Além disso, o princípio da indisponibilidade fundamenta a existência de controle interno, externo e prestação de contas na Administração Pública.
Dando continuidade ao tema princípios implícitos para concursos, aborda-se o princípio da confiança. Desde já, pontua-se que a proteção da confiança é um desdobramento do princípio da segurança jurídica.
Assim, a proteção da confiança prega que o cidadão deve poder confiar que a Administração Pública atuará de forma estável e coerente. Havendo, assim, previsibilidade da ação estatal.
Também preconiza que a Administração Pública deve respeitar as expectativas legítimas que ela própria gerou, respeitando a boa-fé objetiva.
Assim, não pode haver mudança arbitrária na legislação e nas práticas administrativas. Entretanto, com o devido aviso, publicidade e tempo de adaptação, com o vacatio legis, por exemplo, a mudança é possível.
Prosseguindo com a análise dos princípios implícitos para concursos, aborda-se o princípio da continuidade do serviço público.
Inicialmente, pontua-se que a continuidade do serviço público deriva da supremacia do interesse público. Desse modo, preconiza que deve-se prestar os serviços públicos de maneira ininterrupta pois atendem necessidades básicas da coletividade. Então, não se pode prejudicar a população por paralisações arbitrárias dos serviços.
Por isso, serviços como saúde, segurança, transporte coletivo não podem ser interrompidos sem justa causa. Entretanto, existem exceções como inadimplência do usuário e interrupções técnicas para manutenção e segurança.
Além disso, existem restrições no direito de greve dos servidores públicos. Ainda, não se pode romper contratos administrativos sem substituí-los, para não interromper os serviços deles decorrentes.
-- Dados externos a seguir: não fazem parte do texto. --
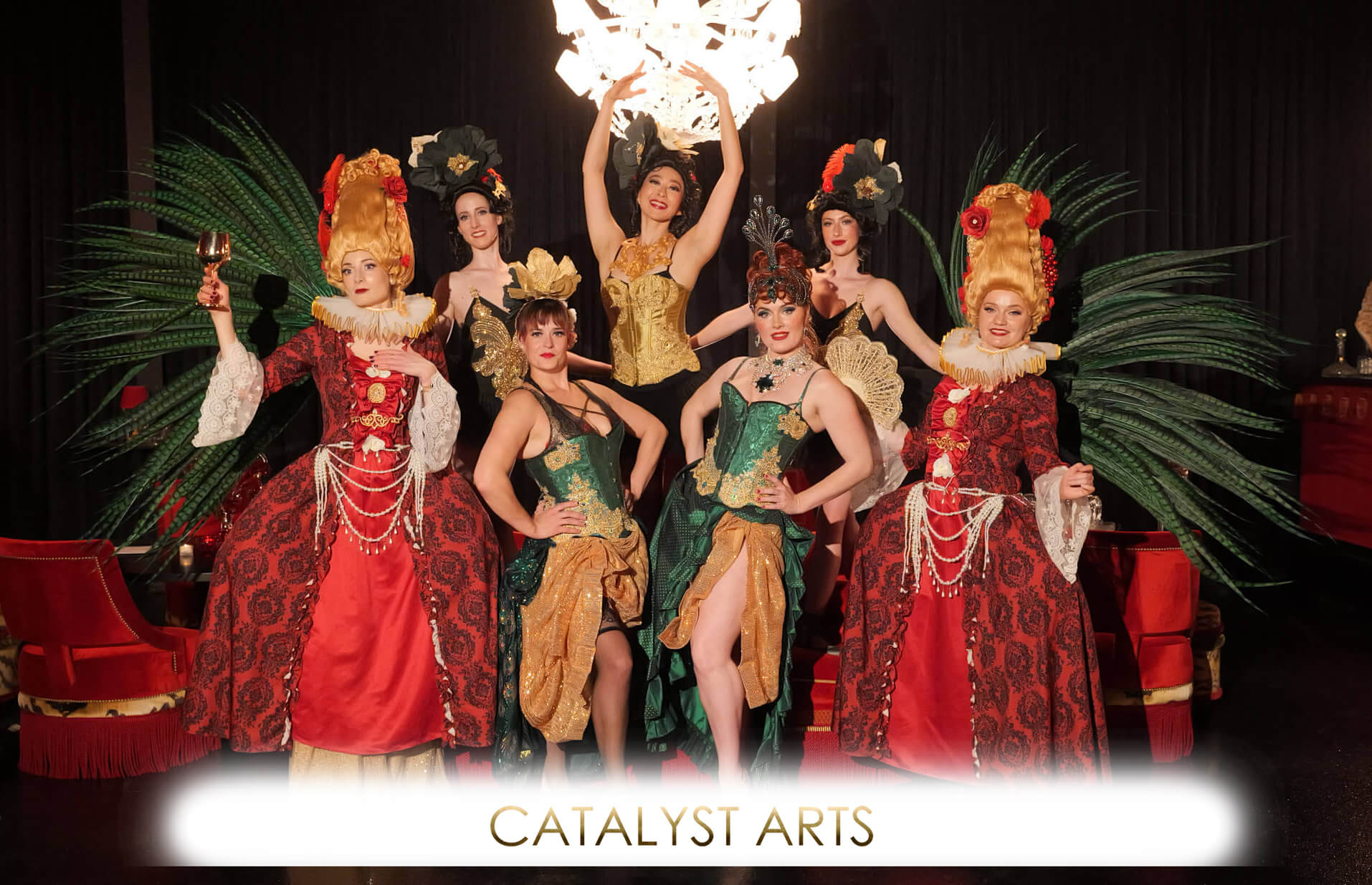 Rococo Luxe Performers- french versaille inspired stage show by Catalyst Arts Entertainment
Finalizando o artigo “Princípios implícitos para concursos”, abordam-se os princípios da razoabilidade e proporcionalidade.
Primeiramente, é importante frisar que a razoabilidade e proporcionalidade são também expressões da segurança jurídica. Além disso, se aplicam na seara das medidas punitivas, disciplinares e sancionatórias que a Administração Pública venha a aplicar nos administrados.
Quanto à razoabilidade, ela diz respeito ao tipo adequado de sanção a se aplicar no caso concreto. Sendo o objeto adequado para punir a conduta.
Já a proporcionalidade prega uma quantidade razoável no objeto a ser utilizado na penalização. Por exemplo, uma multa pode variar de valor, porém ele deve ser proporcional ao agravo contra o interesse público ocorrido.
Além disso, os princípios se baseiam na lei, na doutrina, nos usos e costumes, na analogia e no bom senso do aplicador da lei.